At the time of a survey by the Royal Commission on Ancient and Historical Monuments in Wales and Monmouthshire in 1937, although the building was in bad condition with an insecure roof, it still retained an 18th-century oak communion table, a rectangular font dating from the 12th century, the 1610 screen (damaged), the pulpit, fragments of an oak sounding board (also dated 1610) and some 18th-century memorials. There were also stone benches along the north and south walls, and some wooden benches from the 18th or early 19th century.

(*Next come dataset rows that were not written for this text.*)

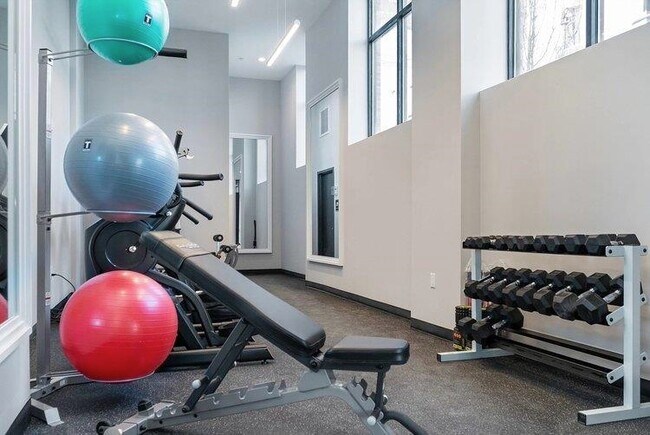 Building Photo - 119 Peter St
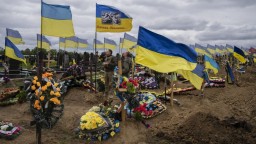 ONLINE: Ruskí vojaci strieľajú na pohraničné územia v Černihivskej oblasti. Zelenskyj plánuje zákon o postavení poľských občanov na Ukrajine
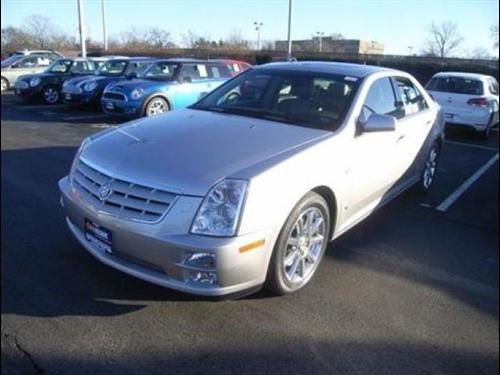 Cadillac STS 2007 photo 2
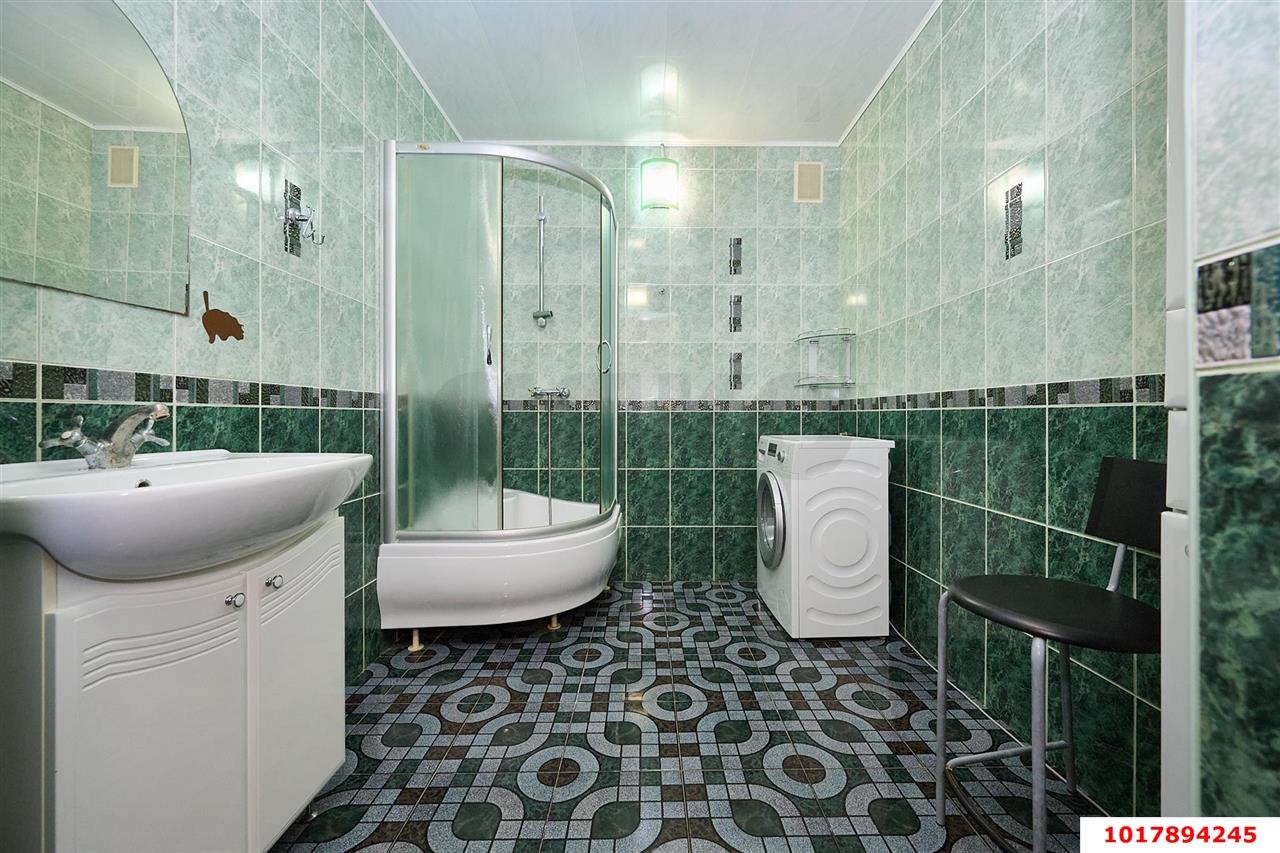 Фото №10: Дом <span class="whitespace-nowrap">284 м²</span> <span class="whitespace-nowrap">+ 10 сот.</span>, <span class="whitespace-nowrap">2 эт.</span> - Краснодар, Карасунский внутригородской округ, ж/р Новознаменский, ул. Слободская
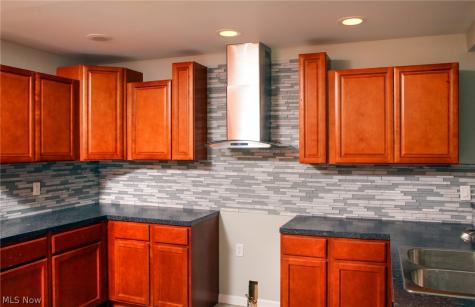 1103 22nd Street NE Canton OH 44714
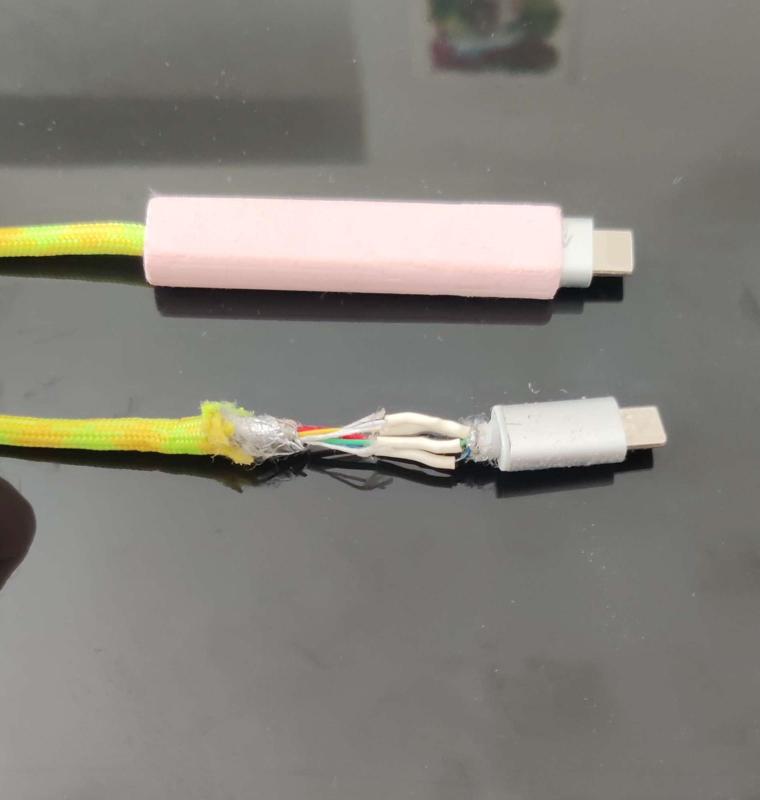 USB Cable Brace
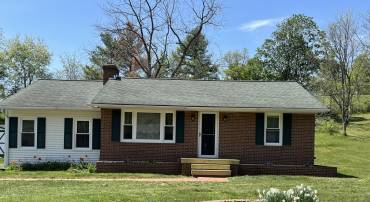 911 OLD WHITE HILL RD, STUARTS DRAFT, Virginia 24477, 2 Bedrooms Bedrooms, ,2 BathroomsBathrooms,Residential,911 OLD WHITE HILL RD,663745 MLS # 663745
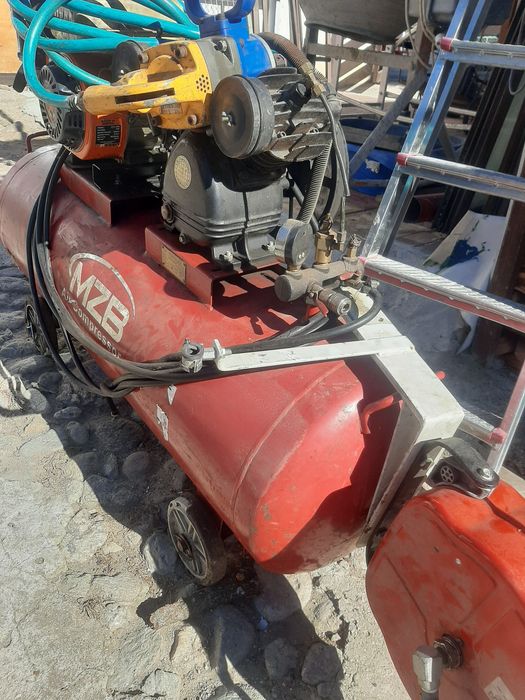 Compresor pe benzină mobil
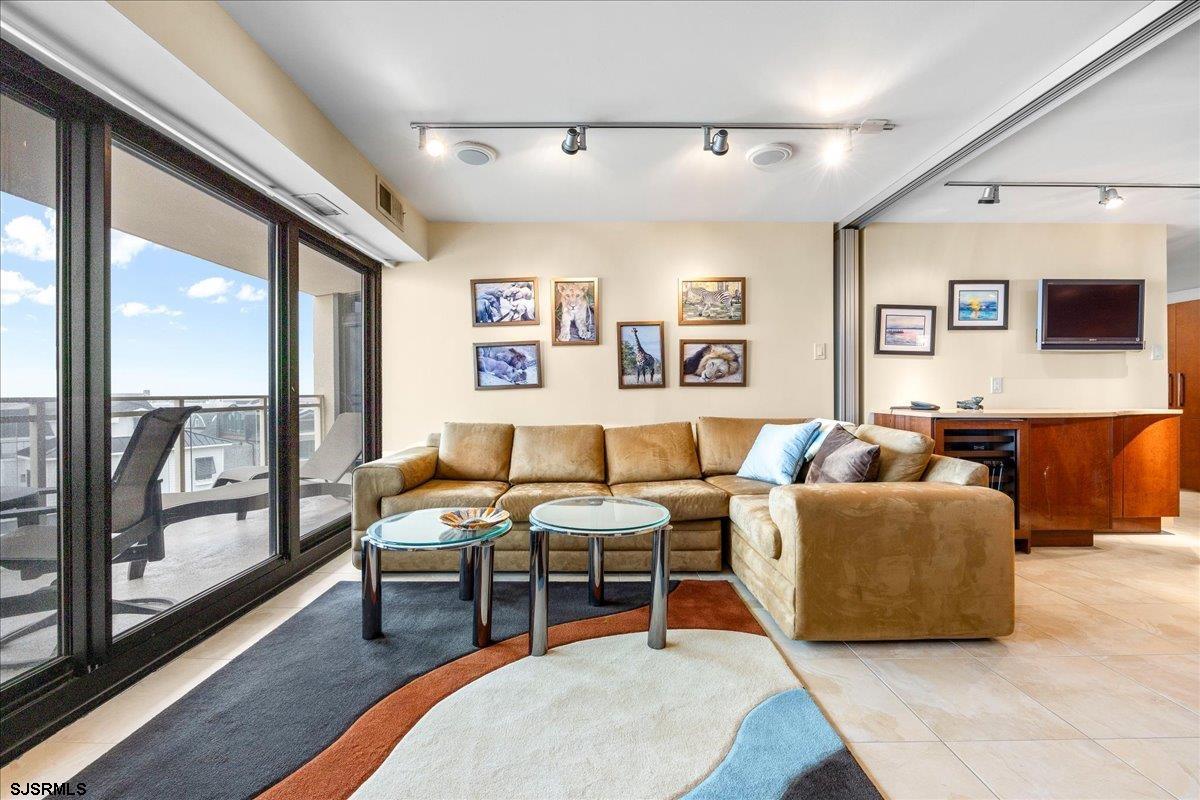 2700 Atlantic Ave Unit: 515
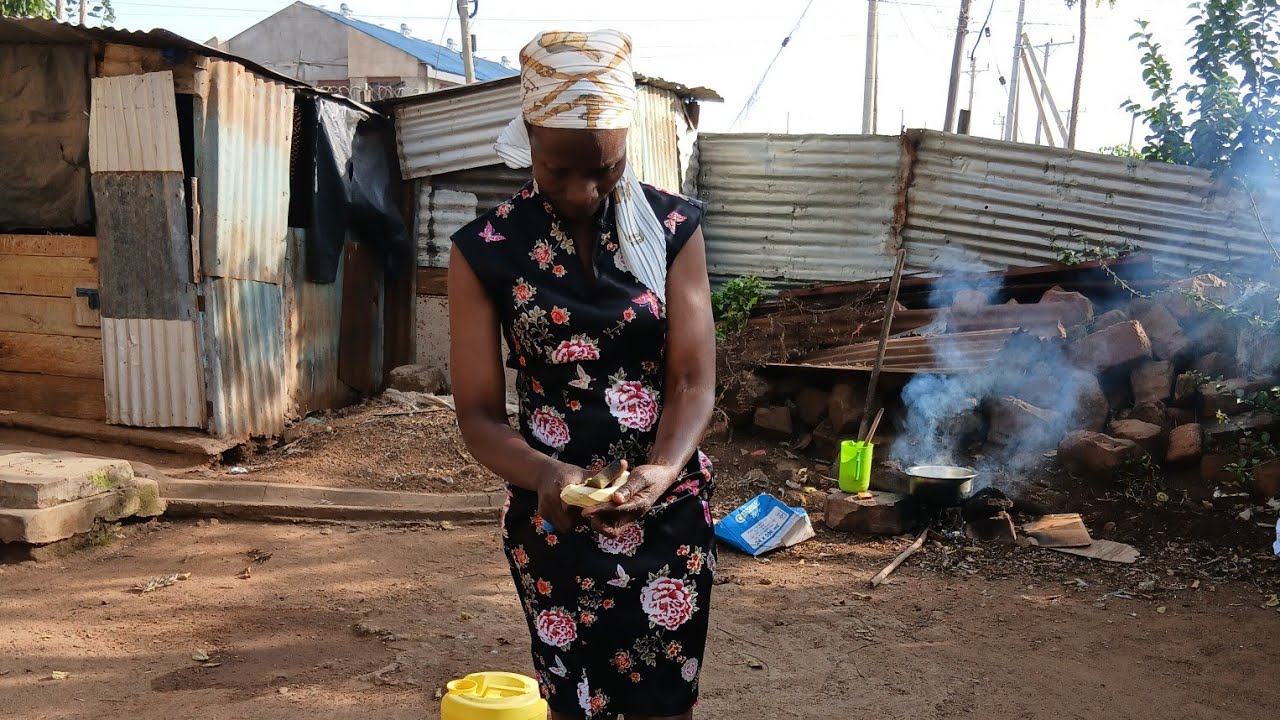 Happy Sunday 😊Organic breakfast,Porridge with bananas made by my Mum and I,what a time to bond.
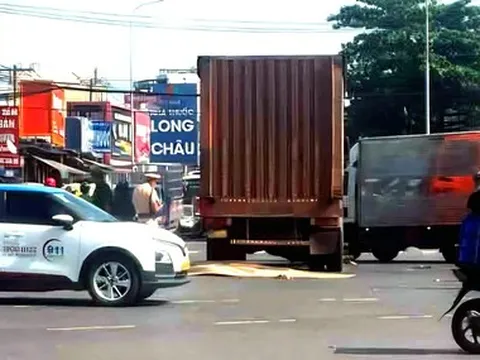 4 người đi xe máy bị cuốn vào gầm xe tải, 3 người chết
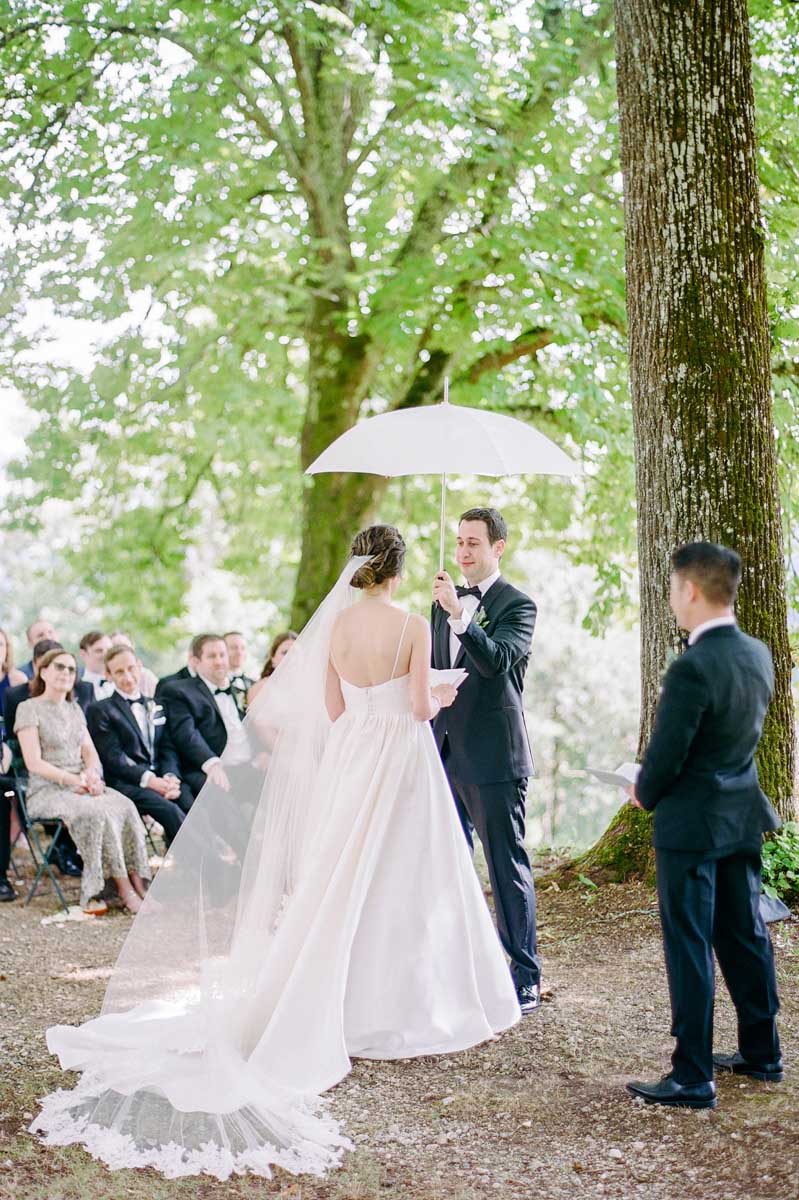 Elegant Lush Alencon French Lace One Tier Wedding Veil - Perfect for Bridal Ceremonies & Romantic Photos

The medieval roof trusses were also still in place in 1937, but the roof collapsed in 1950. The walls have since been lowered to a height of 5 ft.

==Assessment==
The antiquarian Angharad Llwyd described the church in 1833 as "a small neat edifice, appropriately fitted up for the performance of divine service". Samuel Lewis, writing in the middle of the 19th century, said that the church was "a conspicuous and interesting object" in a parish that "partakes much of the general character of dreary sterility by which the mining districts in the immediate vicinity are distinguished". However, the clergyman and antiquarian Harry Longueville Jones, writing in 1859 about the church as it had been 15 years earlier, said that "the whole building was in bad repair". One writer described the church in the 1970s as "a roofless, forgotten shell".